Wer zu viel Schwung hat, der droht aus der Kurve zu fliegen. Analysten hatten nach dem vierten Quartal des vergangenen Geschäftsjahres zu Recht bemängelt, dass der Konzern die Margenerwartungen nicht erreichen konnte. Das erste Quartal bietet ein völlig anderes Bild. Die Ergebnismarge im industriellen Geschäft ist mit 15,7% angesichts der Pandemie-Umstände sehr gut. Die Erwartungen der Analysten wurden deutlich übertroffen.
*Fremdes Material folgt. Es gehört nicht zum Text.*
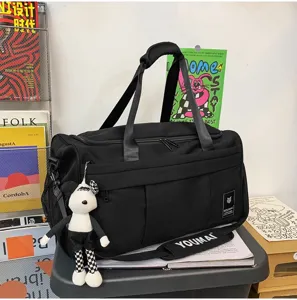 Black travel duffel bag with checkered bear pendant, large capacity weekend luggage bag.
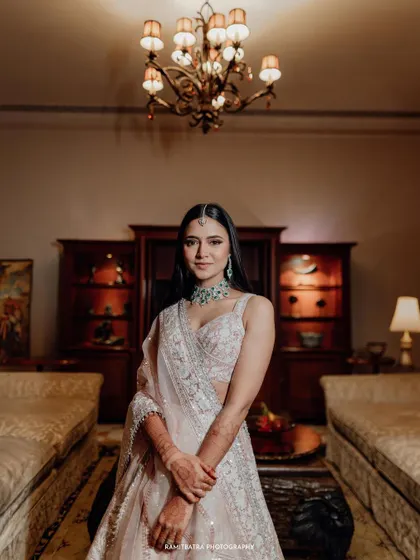 A classic portrait of the bride in her elegant Manish Malhotra engagement lehenga at Rambagh Palace.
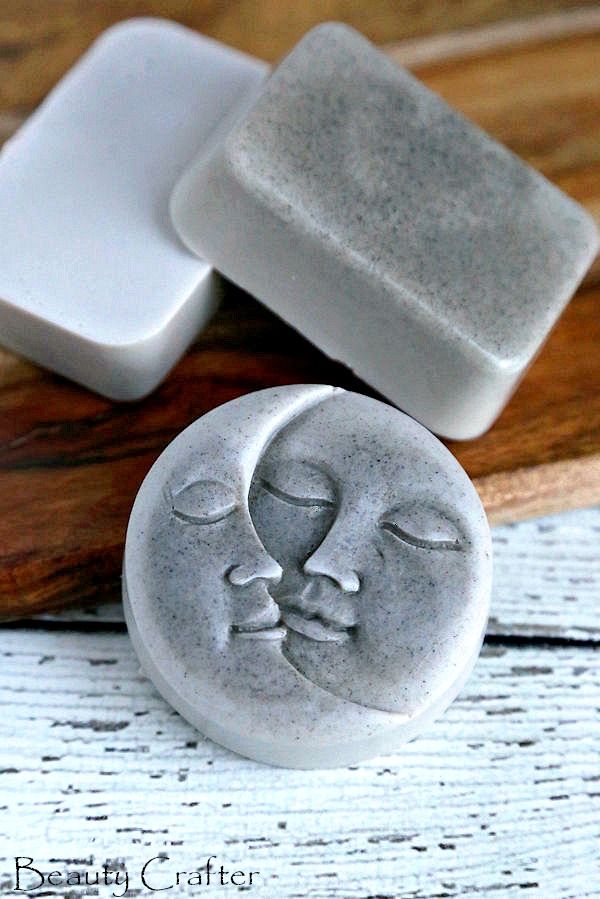 two soap bars sitting on top of a wooden cutting board next to a white mold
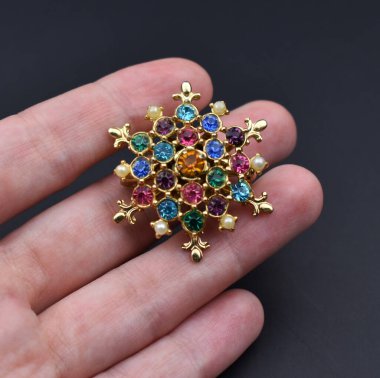 Siyah arka planda değerli taşları olan güzel bir broşu tutan el.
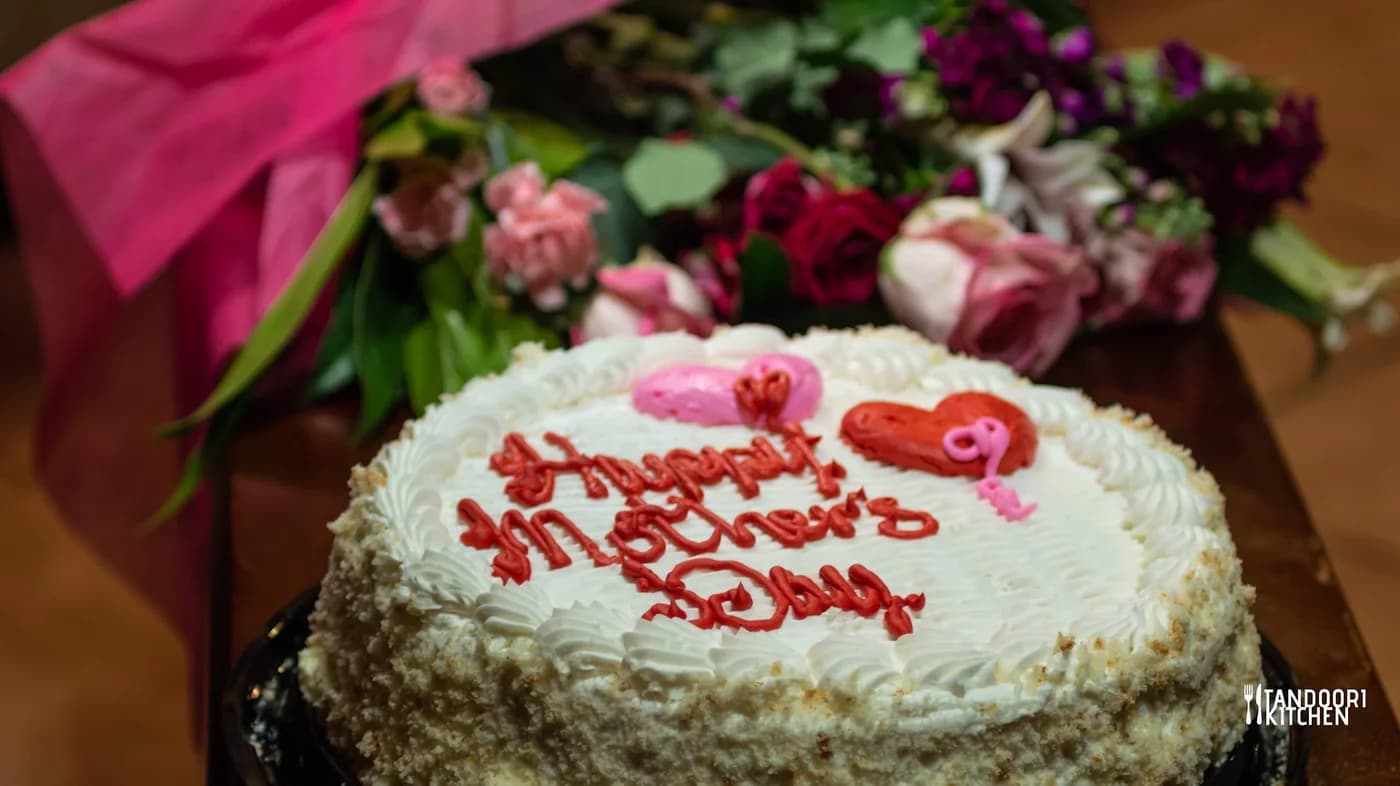 A Happy Mother's Day cake with fresh roses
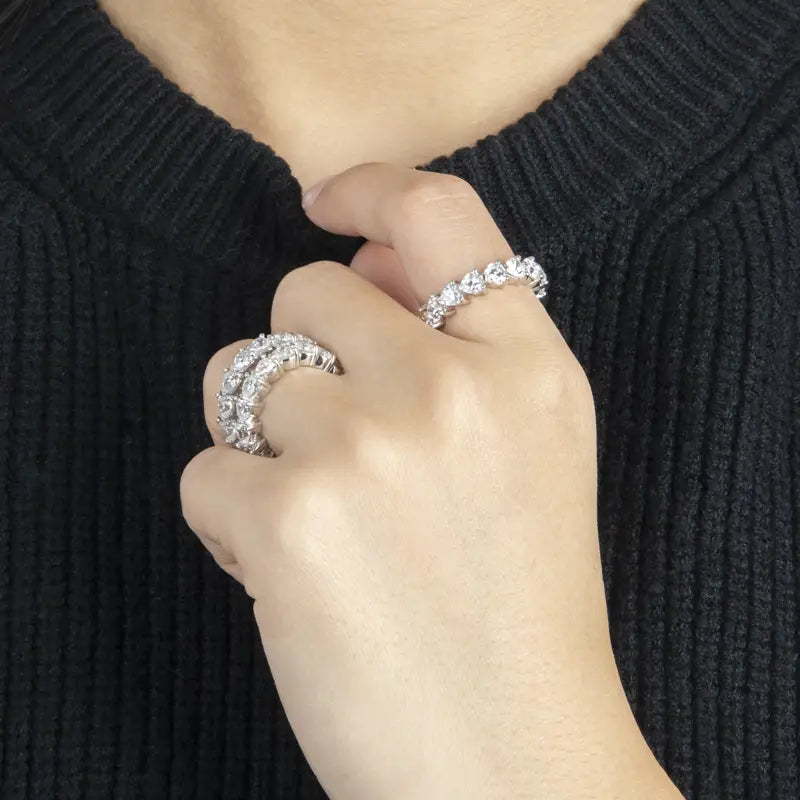 Une bague d’éternité cœur en argent sterling, dotée d’une bande d’éternité en diamant étincelante, dans un sertissage argenté élégant, avec des modèles à une rangée et à double rangée de pierres.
Besonders erfreulich: Nach dem Umbau der vergangenen Jahre gibt es keine ausgeprägten Schwachpunkte. Neben Digital Industries registriert auch Smart Infrastructure einen Auftragsschub, wenngleich die Sparte noch unter der Schwäche des spätzyklischen Immobilienmarktes leidet und unverändert wenig profiliert ist. Die Bahnsparte Mobility wächst deutlich schneller als der Konkurrent Alstom. Die Rentabilität vergangener Jahre kann sich im Konkurrenzvergleich sehen lassen. Wichtig ebenfalls: Sonderbelastungen gibt es nicht, stattdessen realisiert Siemens hohe Gewinne aus dem Verkauf von Randaktivitäten.
Der Himmel hängt voller Geigen für Siemens. Trotzdem gibt es einen hohen Bewertungsabschlag gegenüber Wettbewerbern wie Schneider. Siemens muss sich weiter verbessern,um diese Lücke zu schließen.